*** DATA RECORDS Section Begins ***

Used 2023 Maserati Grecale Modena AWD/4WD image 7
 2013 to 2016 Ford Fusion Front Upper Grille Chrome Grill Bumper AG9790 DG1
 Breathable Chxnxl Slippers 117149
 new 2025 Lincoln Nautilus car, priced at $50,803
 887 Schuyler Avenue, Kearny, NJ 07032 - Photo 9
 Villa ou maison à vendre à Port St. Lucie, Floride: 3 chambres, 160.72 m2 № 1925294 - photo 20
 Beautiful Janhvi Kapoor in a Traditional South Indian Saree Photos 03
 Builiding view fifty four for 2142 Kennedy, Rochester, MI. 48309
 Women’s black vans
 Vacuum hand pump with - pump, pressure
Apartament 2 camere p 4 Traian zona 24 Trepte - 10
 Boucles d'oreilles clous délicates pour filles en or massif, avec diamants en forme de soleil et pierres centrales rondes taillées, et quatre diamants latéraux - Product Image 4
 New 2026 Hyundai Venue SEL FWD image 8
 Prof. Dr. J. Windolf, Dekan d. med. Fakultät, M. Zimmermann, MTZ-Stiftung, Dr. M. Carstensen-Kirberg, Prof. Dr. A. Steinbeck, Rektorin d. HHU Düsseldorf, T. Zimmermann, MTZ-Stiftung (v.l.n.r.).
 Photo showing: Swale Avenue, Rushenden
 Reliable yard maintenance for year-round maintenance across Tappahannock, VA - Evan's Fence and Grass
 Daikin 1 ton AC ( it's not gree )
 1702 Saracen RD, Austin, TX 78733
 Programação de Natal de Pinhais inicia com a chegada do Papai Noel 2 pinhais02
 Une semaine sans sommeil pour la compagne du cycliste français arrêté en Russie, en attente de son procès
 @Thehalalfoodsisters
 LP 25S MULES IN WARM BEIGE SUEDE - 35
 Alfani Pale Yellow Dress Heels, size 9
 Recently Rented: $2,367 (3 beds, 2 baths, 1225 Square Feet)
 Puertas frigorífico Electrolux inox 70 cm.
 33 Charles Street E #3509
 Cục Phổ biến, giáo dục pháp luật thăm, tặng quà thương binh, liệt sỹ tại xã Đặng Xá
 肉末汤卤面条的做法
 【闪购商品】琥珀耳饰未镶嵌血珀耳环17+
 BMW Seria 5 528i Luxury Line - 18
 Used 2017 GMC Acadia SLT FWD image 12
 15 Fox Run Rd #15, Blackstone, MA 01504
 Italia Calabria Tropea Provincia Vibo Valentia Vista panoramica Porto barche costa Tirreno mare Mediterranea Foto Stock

*** DATA RECORDS Section Ends ***

When a line of the records has the word "Avenue", pick it out and copy it.

 887 Schuyler Avenue, Kearny, NJ 07032 - Photo 9
 Photo showing: Swale Avenue, Rushenden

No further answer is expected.